The “small area” Hogan-Howe considers problematic was created by the Met under its 1990s policy of ‘containment’ of Notting Hill Carnival in order to make it easier to control. The policy was introduced with approval from the Royal Borough of Kensington & Chelsea (RBKC), which wanted the carnival’s ‘footprint’ to be reduced to the minimum to avoid inconvenience to wealthy residents.

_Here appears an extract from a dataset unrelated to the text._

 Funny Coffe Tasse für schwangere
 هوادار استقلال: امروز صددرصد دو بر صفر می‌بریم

With fears over crime being whipped up by the Evening Standard’s increasingly vitriolic coverage of the event, ticketing has been proposed as a way of imposing a “layer of control”, as Hogan-Howe put it. Local MP Victoria Borwick floated the idea as one potential mitigation measure. Many have questioned the practicality of cordoning off the whole of the carnival area while maintaining access for thousands of residents. Ticketing is also felt to be utterly at odds with the concept of Carnival as a free, publicly accessible street celebration.
Other suggestions include moving the event to Hyde Park and shifting the timing to Saturday and Sunday to limit police overtime payments. Police receive double pay for working on a bank holiday. Media reported that “9,000 officers” were employed at the carnival, but it is not clear whether these were 9,000 individual men and women or 9,000 police shifts. The park proposal has been around for many years, and proved a dismal flop when tried previously in Finsbury Park and, under former London mayor Ken Livingstone, in Hyde Park. It is not known if the Royal Parks Agency would even be prepared to accept the event taking place in the park.

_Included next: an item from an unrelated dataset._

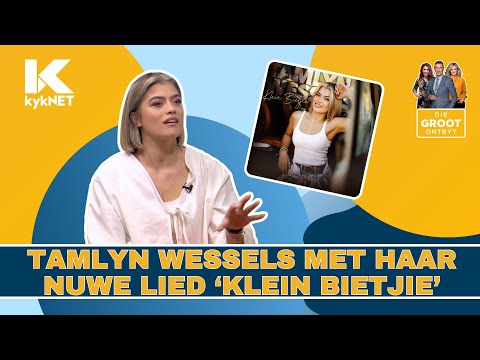 Tamlyn Wessels | Haar nuwe liedjie 'Klein Bietjie' | 4 Oktober 2024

The carnival review is expected to report in January 2017. In the meantime, LNHCET will hold a meeting with local residents in the Small Hall, Kensington Town Hall, Hornton Street, from 6.30pm to 8pm on Wednesday 26 October. Questions or comments can be made beforehand by emailing firstname.lastname@example.org.
* In September, Soca News asked the Metropolitan Police Service, under a Freedom of Information request, how many of the 407 people said to have been arrested “at Notting Hill Carnival” in 2015 were actually taken to court and found guilty of a crime. The MPS said it was unable to respond because examining over 400 separate records would be too expensive. There is therefore no way of establishing the true level of crime at Notting Hill Carnival, nor of independently verifying the MPS’s claims about numbers of arrests and crimes committed.